Figure 1 shows the iron ions of a single bilayer of FeO5 trigonal bipyramids. The charge-ordered structure is indicated by the red and blue Fe3+ and Fe2+ atoms. This charge order results in a net polarization of the bilayer along both the [110] and [001] directions. The purple arrows indicate the magnetic moments of the iron ions. These bilayers are stacked parallel or antiparallel along the c-axis to form a ferroelectric or antiferroelectric alignment.

 

We have investigated the magnetic order in a single crystal of LuFe2O4 on the WOMBAT high-intensity neutron diffractometer, as a function of applied electric-field-cooling[2]. We observe a change in the magnetic long-range order when an applied electric field is present at the magnetic-ordering temperature.

 

Figure 2 shows that the long-range charge order that is promoted by the electric field is stabilized by the magnetic order, as demonstrated by the increased intensity of all magnetic domains.
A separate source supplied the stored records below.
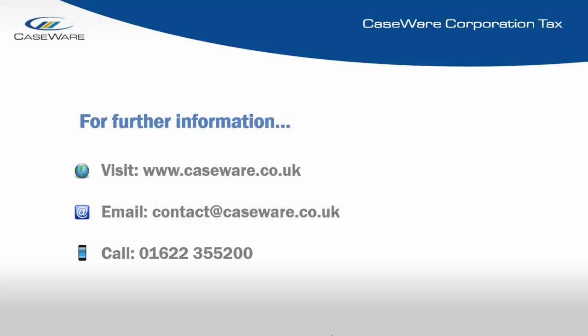For further information or to arrange a demo of Caseware's Corporation Tax software, please feel free to contact us by any of the methods shown on the screen.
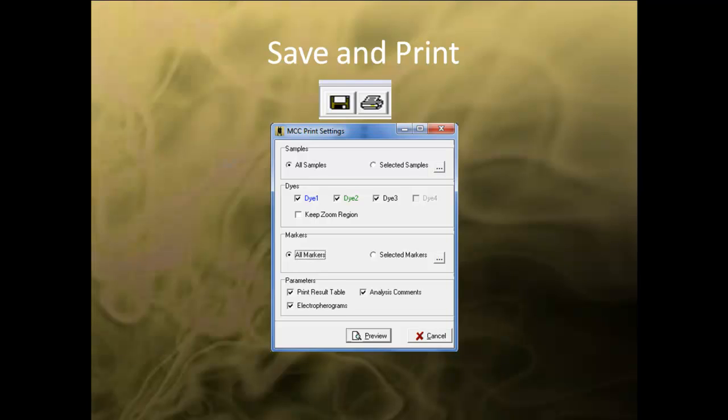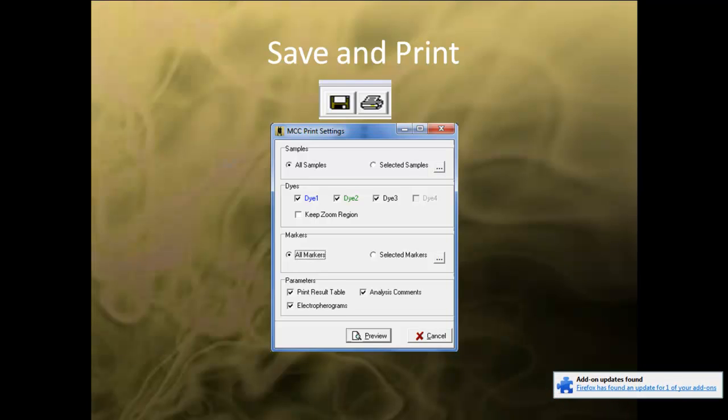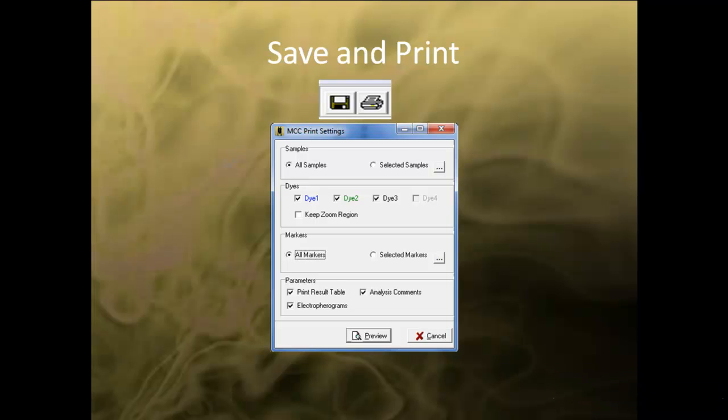From the results window, you can save the report by clicking on the save icon in the toolbar. Clicking on the print icon brings out the print settings dialog box. You can choose to print all samples, individual samples, markers, or dyes. If you want to print a specific region, zoom into the region of interest and select Keep Zoom Region in the settings dialog box.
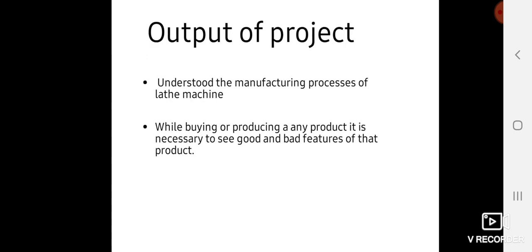The output of this micro project is that we understood the manufacturing processes of lathe machines. While buying or producing any product, it is necessary to see the good and bad features of that product.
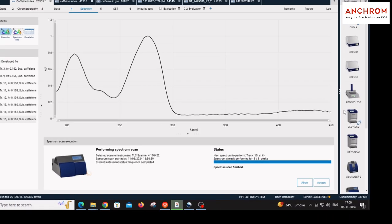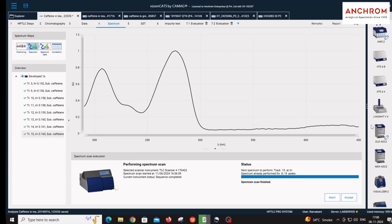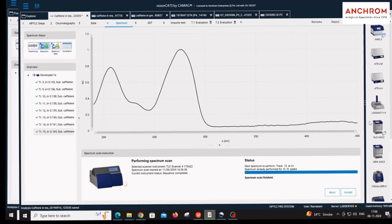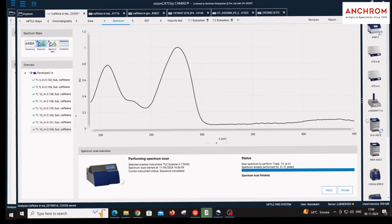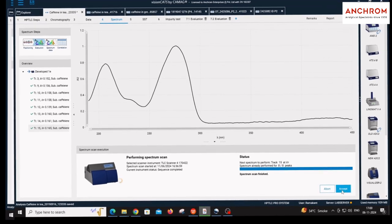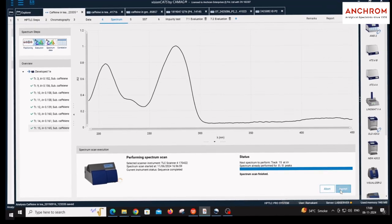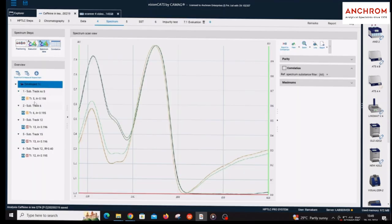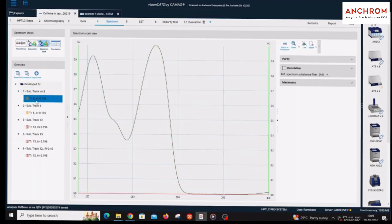One by one spectrum will be generated. After all the spectra are generated, accept all the spectra. Click on substance under the spectrum data and check individual spectrum.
We propose that antiferromagnetic order in the Fe bilayers facilitates the formation of long-range charge order because electron hopping between the sheets of the bilayer is assisted by the alignment of the Fe2+ and Fe3+ spins.

 

According to Hund’s rules, Fe3+ has five 3d electrons with spin up, and Fe2+ has five 3d electrons with spin up and one with spin down. This latter 3d electron can jump from Fe2+ to the Fe3+ much more easily if the spin-down states of the latter are empty. This is the case for parallel alignment of the Fe2+ and Fe3+ moments.

 

Thus electron hopping in the majority Fe2+ layer is arrested, because the Fe2+ and Fe3+ ions have opposite moments, while 3d electron hopping is promoted in the minority Fe2+ layer because some neighbouring Fe2+ and Fe3+ ions have parallel moments (double-exchange mechanism). This makes a convenient mechanism to switch between ferroelectric and antiferroelectric arrangements of the bilayers. As such, the magnetism assists the ferroelectric order to align with the electric field and enhance the electric polarization.

 

References:

 

  1. K. Momma and F. Izumi, J. Appl. Crystallogr. 41, 653 (2008).
  2. A. M. Mulders, M. Bartkowiak, J. R. Hester, E. Pomjakushina, and K. Conder, Phys. Rev. B 84, 140403(R) (2011).